§ Data for the task:
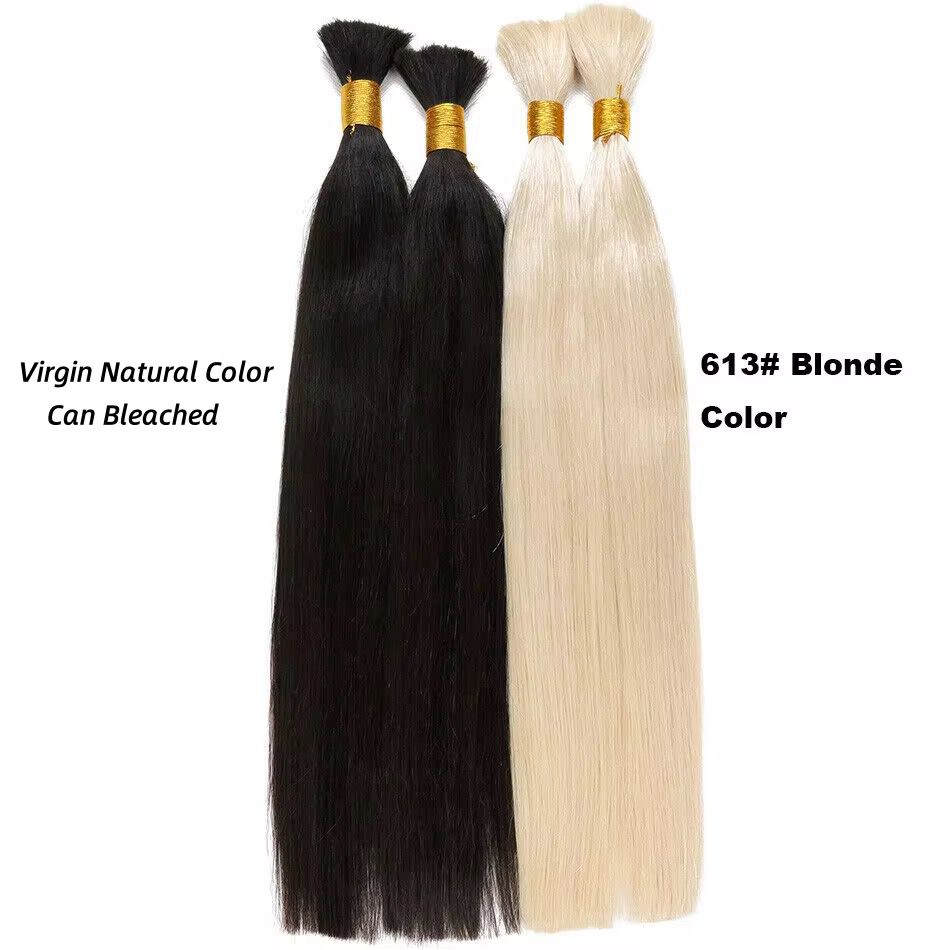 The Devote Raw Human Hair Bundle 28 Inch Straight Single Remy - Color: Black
==
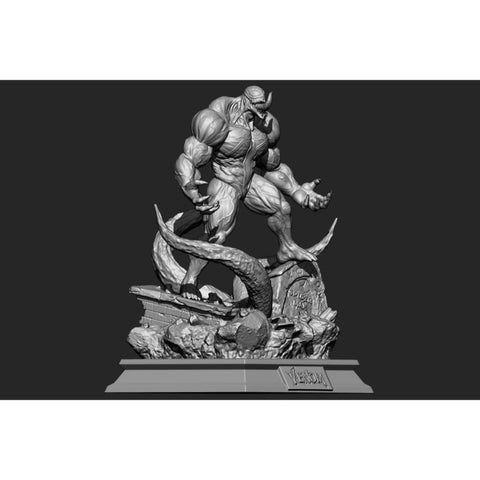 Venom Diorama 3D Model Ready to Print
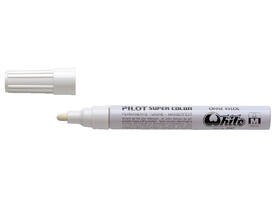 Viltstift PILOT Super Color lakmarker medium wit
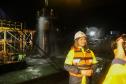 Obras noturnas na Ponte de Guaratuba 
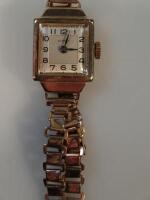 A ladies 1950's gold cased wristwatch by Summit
---
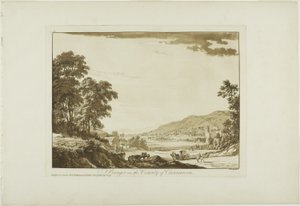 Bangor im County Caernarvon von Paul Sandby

§ Exercise aim: Copy exactly the part of the material above that opens with the line containing "Venom Diorama 3D Model Ready to Print" and closes with the line containing "A ladies 1950's", ends included. Drop the images.

§ Solution to this exercise:
 Venom Diorama 3D Model Ready to Print
 Viltstift PILOT Super Color lakmarker medium wit
 Obras noturnas na Ponte de Guaratuba 
 A ladies 1950's gold cased wristwatch by Summit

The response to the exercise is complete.